▶ ABOUT THIS TASK:
Without any pictures, retype exactly the lines from the one with "Carrie Vuyovich of" through the final line of the records.

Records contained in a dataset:
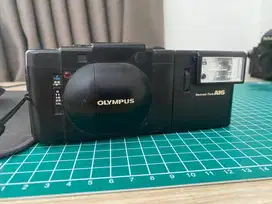 Olympus XA1 with Flash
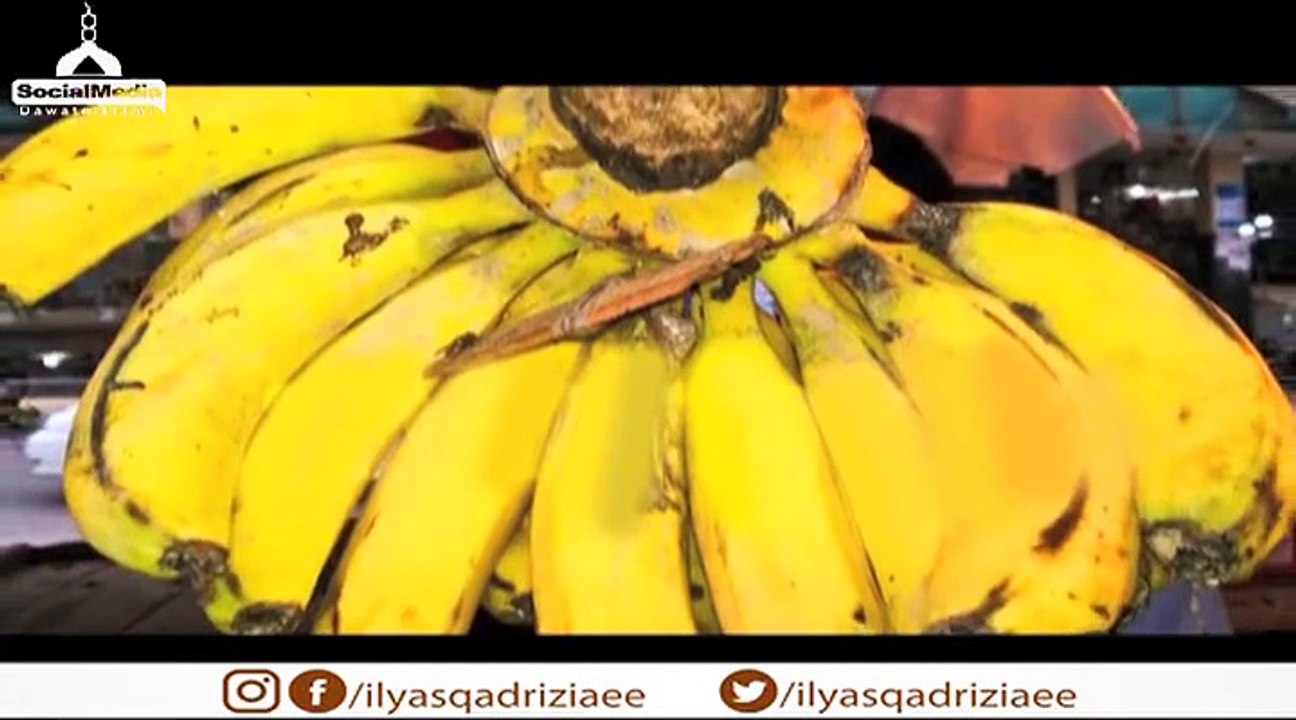 Maulana Ilyas Qadri is Telling How to Preserve Bananas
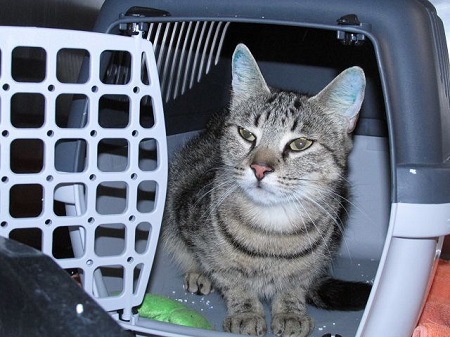 Bellara ist eine liebe Katze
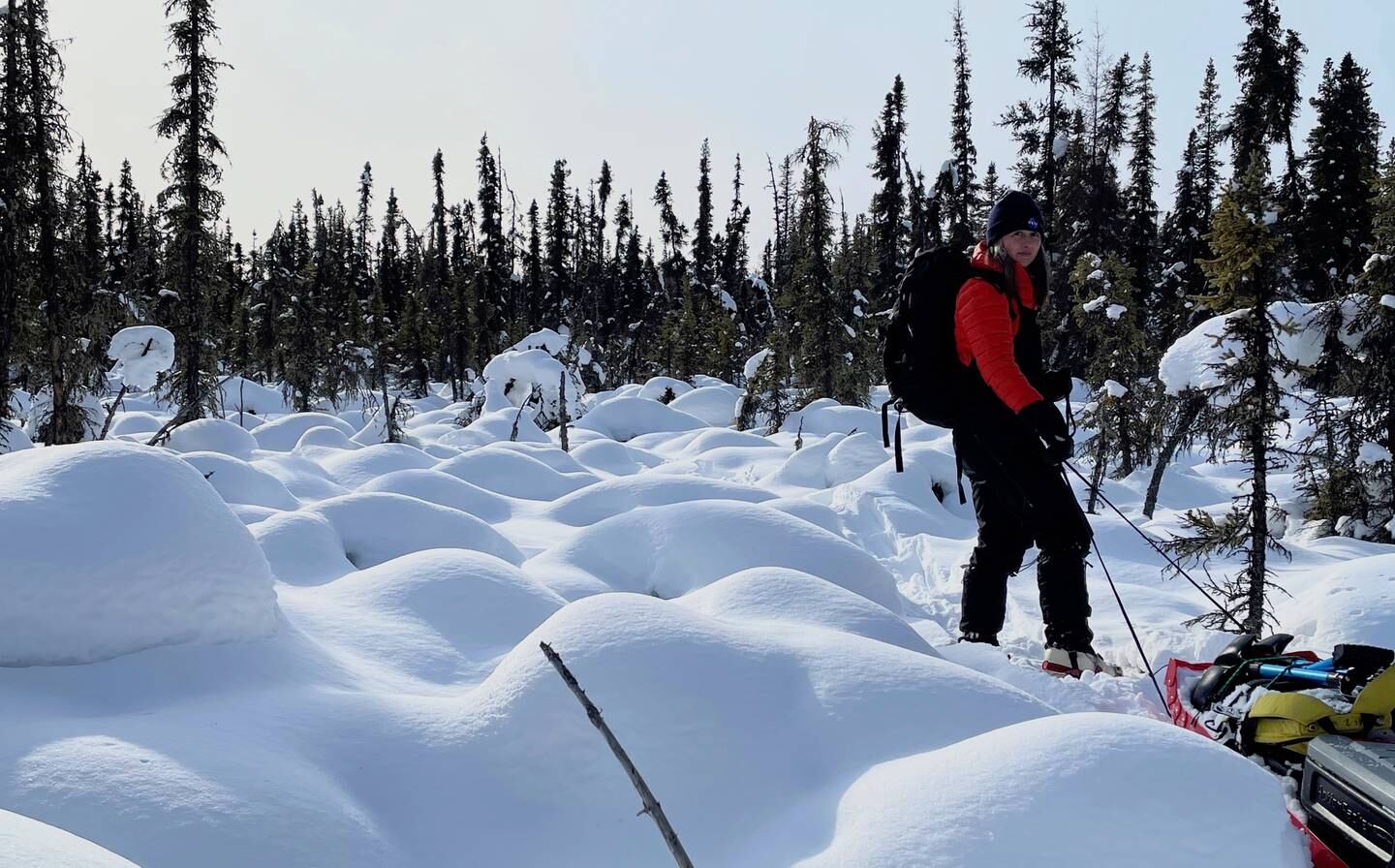 Carrie Vuyovich of NASA Goddard Space Flight Center in Maryland drags a sled through the boreal forest north of Fairbanks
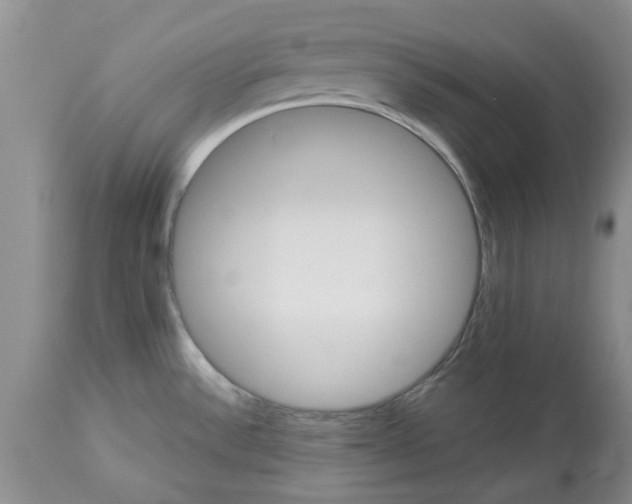 X0000113601532200910021729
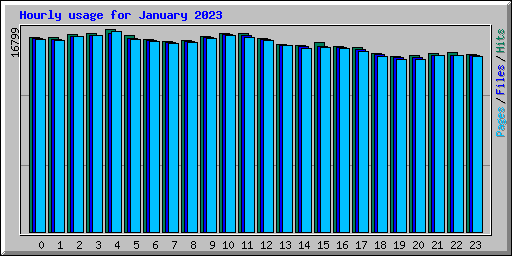 Hourly usage for January 2023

▶ PROBLEM SOLUTION:
 Carrie Vuyovich of NASA Goddard Space Flight Center in Maryland drags a sled through the boreal forest north of Fairbanks
 X0000113601532200910021729
 Hourly usage for January 2023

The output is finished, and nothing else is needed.